U.S. Sen. Jack Danforth, in Cape Girardeau Thursday, told area Jaycees that tax reform is needed before there will be any long-term economic recovery. The Missouri Senator also criticized a recent resurrection of "America first" isolationism and contempt of foreign affairs...

U.S. Sen. Jack Danforth, in Cape Girardeau Thursday, told area Jaycees that tax reform is needed before there will be any long-term economic recovery.

The Missouri Senator also criticized a recent resurrection of "America first" isolationism and contempt of foreign affairs.

Danforth made his comments to a meeting of Southeast Missouri Region Eight Jaycees at Drury Lodge. Earlier Thursday, he also visited the U.S. Attorney's Office in Cape Girardeau.

Many of Danforth's comments were directed at concerns about the economy, the federal deficit and international trade. He emphasized that serious tax reform is needed in 1992.

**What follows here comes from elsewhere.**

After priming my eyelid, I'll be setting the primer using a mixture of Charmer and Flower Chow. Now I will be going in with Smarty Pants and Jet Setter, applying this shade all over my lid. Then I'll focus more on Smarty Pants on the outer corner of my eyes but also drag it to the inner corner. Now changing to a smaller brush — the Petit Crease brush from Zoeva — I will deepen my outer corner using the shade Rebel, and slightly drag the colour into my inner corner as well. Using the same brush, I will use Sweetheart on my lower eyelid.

But Danforth said proposals for small tax rebates by some senators, including presidential candidate Tom Harkin of Iowa, are misguided.

"As everyone knows, 1992 is an election year and politicians want to get re-elected," Danforth said. "We're going to have a tax bill that's an attempt to win votes. How do you win votes? You give people money.

"But is there anybody in this room that believes the economy of the United States is going to be improved by giving everyone $400?"

Danforth said the aim of tax reform should be to encourage savings and investment, not consumer spending.

"We, as a country, are under-invested; that's what a deficit is," he said. "I would argue that the tax bill we passed in 1986 was exactly the wrong thing."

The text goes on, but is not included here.